The Chinese people have never had a hard-working heart and an aggressive heart. Anyway, they run wherever they have the chance, first to Victoria, then to Queensland, then to Northern Territory and Tower State. Chinese people go to gold mining or farm mines to do all kinds of manual labor. And then it wasn`t just the workers at the bottom. So did the Chinese entrepreneurs, who came to Australia to invest and bring things back to China. After the mining industry did not make so much money, they turned to the farm, ranch, fishing ground. So it`s not just now, since a long time ago, the Chinese workforce has made a big contribution to Australia, especially in the northern territories and northern Queensland.


Chinese may not know that the 2018 Spring Festival is the 200-year anniversary of Chinese immigrants to Australia! this time in 1818, Australia officially 'appeared' the first Chinese!

The job ad at the time


There was a steady increase in the number of Chinese in Australia until the mid-late 19th century, as the number of Chinese residents declined as a result of the internal situation in China and some contradictions in Australia.

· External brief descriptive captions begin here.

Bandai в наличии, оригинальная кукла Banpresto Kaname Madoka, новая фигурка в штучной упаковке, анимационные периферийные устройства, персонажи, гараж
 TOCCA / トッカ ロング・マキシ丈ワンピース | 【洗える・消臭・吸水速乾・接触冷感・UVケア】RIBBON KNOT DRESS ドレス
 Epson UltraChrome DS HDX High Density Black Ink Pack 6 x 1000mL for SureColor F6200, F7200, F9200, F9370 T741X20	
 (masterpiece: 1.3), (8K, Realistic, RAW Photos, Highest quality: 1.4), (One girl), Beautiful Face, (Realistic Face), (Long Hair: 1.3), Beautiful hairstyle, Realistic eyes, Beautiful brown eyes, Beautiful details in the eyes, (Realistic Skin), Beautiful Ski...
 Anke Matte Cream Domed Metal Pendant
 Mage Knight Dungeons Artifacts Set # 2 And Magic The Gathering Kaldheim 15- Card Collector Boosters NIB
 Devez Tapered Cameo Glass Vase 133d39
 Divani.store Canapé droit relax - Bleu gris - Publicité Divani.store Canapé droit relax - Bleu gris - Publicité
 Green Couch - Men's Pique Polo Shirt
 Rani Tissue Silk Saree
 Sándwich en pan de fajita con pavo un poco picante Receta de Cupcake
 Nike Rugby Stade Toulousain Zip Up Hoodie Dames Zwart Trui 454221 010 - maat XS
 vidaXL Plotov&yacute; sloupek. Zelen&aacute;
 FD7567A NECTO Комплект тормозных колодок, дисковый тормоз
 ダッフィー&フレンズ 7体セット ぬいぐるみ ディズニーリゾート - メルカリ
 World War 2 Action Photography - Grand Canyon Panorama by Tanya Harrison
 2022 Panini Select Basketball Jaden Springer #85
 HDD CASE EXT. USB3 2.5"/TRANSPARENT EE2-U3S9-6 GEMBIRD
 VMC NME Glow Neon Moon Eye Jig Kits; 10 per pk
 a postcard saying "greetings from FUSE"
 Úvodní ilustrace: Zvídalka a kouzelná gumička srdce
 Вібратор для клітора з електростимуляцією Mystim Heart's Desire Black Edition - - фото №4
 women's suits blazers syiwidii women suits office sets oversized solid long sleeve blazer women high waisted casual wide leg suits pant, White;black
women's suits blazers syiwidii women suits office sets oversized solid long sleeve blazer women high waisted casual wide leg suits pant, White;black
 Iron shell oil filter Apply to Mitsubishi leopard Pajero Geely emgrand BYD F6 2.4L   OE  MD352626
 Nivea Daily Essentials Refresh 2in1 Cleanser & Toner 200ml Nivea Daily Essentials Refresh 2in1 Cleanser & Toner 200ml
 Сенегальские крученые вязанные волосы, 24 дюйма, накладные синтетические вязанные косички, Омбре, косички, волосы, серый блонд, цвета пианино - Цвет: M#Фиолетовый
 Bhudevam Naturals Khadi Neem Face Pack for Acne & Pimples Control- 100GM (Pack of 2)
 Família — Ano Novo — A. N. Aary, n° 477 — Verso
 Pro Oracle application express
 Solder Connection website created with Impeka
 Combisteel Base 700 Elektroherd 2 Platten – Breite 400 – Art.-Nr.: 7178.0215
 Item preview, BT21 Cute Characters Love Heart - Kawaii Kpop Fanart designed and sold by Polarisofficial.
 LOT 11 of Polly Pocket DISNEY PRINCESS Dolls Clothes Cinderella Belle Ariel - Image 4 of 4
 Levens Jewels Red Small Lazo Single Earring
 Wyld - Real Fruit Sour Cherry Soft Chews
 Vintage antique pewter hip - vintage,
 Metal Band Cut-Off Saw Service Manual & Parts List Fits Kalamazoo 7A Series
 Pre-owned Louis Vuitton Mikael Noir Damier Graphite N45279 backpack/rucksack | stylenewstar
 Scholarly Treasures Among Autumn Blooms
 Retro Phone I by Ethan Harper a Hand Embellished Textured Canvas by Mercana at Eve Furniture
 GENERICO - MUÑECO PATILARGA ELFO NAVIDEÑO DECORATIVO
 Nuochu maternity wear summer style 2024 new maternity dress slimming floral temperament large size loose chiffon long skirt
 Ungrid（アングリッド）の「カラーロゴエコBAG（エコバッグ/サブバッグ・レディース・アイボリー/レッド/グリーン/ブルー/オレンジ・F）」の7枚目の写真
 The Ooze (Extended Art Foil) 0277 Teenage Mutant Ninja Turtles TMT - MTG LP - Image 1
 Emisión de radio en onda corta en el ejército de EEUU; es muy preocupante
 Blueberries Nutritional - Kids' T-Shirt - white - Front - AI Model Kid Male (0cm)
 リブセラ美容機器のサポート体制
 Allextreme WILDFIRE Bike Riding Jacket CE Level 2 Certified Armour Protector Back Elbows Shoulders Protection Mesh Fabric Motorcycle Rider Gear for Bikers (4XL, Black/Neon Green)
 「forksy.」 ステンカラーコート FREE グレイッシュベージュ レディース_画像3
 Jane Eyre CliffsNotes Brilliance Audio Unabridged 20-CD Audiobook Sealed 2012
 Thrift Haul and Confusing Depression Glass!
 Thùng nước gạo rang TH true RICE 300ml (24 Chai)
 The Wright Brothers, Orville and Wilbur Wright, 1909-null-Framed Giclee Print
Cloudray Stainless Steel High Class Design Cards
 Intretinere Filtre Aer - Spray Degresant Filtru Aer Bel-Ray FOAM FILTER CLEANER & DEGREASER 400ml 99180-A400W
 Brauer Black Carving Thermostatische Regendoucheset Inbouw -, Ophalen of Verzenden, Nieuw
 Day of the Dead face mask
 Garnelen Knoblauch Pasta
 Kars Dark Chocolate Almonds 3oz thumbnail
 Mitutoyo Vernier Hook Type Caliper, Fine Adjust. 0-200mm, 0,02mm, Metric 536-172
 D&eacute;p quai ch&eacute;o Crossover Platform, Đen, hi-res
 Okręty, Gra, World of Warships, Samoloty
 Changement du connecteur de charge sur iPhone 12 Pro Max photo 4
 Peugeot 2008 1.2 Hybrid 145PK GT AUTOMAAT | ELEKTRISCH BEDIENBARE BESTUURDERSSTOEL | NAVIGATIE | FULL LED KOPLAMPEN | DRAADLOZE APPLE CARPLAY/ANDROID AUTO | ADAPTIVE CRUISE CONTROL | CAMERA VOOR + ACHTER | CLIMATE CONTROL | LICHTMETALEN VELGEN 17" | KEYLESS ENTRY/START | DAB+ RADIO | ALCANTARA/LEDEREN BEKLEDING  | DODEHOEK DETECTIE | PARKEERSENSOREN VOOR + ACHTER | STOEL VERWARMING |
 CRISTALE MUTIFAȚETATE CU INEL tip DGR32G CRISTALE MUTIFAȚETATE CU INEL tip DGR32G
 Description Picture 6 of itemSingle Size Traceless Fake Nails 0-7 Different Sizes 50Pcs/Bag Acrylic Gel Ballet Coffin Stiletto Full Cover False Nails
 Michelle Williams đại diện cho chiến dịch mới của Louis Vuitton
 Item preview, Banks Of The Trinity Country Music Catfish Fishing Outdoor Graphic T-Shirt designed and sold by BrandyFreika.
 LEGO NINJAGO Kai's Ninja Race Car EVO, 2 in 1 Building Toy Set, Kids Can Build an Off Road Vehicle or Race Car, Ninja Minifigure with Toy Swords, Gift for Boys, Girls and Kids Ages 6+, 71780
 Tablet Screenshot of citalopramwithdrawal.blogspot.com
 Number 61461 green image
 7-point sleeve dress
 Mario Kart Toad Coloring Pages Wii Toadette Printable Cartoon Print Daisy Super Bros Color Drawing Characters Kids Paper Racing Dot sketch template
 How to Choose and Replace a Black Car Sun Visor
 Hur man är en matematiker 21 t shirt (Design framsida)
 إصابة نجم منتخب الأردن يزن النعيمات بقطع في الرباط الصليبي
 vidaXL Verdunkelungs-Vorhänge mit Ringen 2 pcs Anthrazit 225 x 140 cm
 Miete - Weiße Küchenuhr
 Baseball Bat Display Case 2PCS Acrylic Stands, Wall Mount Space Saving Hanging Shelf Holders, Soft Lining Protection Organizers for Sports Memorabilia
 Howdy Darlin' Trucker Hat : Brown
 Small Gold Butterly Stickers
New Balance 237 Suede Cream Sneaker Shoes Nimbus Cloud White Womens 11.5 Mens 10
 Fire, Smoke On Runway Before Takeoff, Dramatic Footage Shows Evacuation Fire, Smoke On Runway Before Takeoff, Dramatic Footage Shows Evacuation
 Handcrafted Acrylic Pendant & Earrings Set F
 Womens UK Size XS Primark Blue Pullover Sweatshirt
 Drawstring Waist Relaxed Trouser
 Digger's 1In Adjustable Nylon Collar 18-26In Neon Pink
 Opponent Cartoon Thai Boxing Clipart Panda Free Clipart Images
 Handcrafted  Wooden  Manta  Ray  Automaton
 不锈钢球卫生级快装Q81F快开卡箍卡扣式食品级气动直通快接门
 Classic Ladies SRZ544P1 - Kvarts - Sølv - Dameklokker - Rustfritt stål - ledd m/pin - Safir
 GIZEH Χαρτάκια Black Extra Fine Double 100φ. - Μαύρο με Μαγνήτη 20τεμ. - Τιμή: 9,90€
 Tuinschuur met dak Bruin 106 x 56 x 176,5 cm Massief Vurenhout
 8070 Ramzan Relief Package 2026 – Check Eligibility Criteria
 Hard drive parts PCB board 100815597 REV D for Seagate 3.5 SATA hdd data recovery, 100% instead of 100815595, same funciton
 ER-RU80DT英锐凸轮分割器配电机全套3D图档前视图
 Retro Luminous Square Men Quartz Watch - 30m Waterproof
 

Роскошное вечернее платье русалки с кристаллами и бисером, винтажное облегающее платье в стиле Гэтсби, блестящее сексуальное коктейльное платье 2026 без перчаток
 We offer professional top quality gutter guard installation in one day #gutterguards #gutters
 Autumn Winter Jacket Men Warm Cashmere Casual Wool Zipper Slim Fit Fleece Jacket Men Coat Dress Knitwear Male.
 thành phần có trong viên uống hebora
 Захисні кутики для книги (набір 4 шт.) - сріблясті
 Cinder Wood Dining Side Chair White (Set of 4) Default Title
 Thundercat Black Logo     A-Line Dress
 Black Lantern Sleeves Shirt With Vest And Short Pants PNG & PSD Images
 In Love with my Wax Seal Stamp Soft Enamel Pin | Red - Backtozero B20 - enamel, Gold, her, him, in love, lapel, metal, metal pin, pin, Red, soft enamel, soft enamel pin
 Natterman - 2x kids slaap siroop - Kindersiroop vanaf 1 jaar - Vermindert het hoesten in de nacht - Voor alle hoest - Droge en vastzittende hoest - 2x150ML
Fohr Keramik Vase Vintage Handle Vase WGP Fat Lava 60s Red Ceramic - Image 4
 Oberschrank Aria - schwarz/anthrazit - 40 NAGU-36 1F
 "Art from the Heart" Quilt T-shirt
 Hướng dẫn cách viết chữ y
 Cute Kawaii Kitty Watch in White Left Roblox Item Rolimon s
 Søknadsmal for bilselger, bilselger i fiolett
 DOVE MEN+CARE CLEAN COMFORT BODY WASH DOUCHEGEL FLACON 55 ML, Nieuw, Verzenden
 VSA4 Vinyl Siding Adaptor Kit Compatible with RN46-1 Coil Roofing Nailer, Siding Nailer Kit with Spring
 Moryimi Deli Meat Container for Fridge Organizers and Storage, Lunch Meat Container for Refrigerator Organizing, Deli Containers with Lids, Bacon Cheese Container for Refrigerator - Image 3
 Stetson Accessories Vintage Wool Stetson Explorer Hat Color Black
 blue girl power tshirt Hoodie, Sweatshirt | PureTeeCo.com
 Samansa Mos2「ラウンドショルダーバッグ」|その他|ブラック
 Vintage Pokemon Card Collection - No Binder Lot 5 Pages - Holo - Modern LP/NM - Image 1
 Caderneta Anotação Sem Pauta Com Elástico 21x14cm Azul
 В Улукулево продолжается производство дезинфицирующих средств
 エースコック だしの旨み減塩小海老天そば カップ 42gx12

In the first half of the 20th century, Australia`s "White Australia Policy" blocked the dream of many Chinese emigrating to Australia. In the 1960s and 1970s, the policy was relaxed step by step, but the number of Chinese immigrants did not increase significantly. It wasn`t until the late 1980s that Australia`s immigration from China grew, not to mention now.

There are still 1.2% of Wagga residents of Chinese ancestry, John Xie is one of them, but he did not live in this place since childhood, but moved from China to New Zealand and then moved to Brisbane, and finally settled in Wagga Wagga. because of his job.

Chinese may not know that the 2018 Spring Festival is the 200-year anniversary of Chinese immigrants to Australia! this time in 1818, Australia officially 'appeared' the first Chinese!

John Xie


He says few people know about the history of Chinese in Wagga, where Riverina has just built a 200-year-old monument to Museum of Chinese Australian History,. Even when he arrived by chance, he learned that the original history of the Chinese Australians was recorded here.

This article cannot detail all the experiences of the Chinese in Australia, but at least we know that we have a long history with this land. Speaking of not afraid of pride, in Australia`s 400-odd-year history, the figure of the Chinese has also appeared for at least 200 years. It is no wonder that Siddah and the principal of UNSW are going to pay homage to us in China for a year. I wonder if this has reduced the sense of loss of "Australian left-behind children"?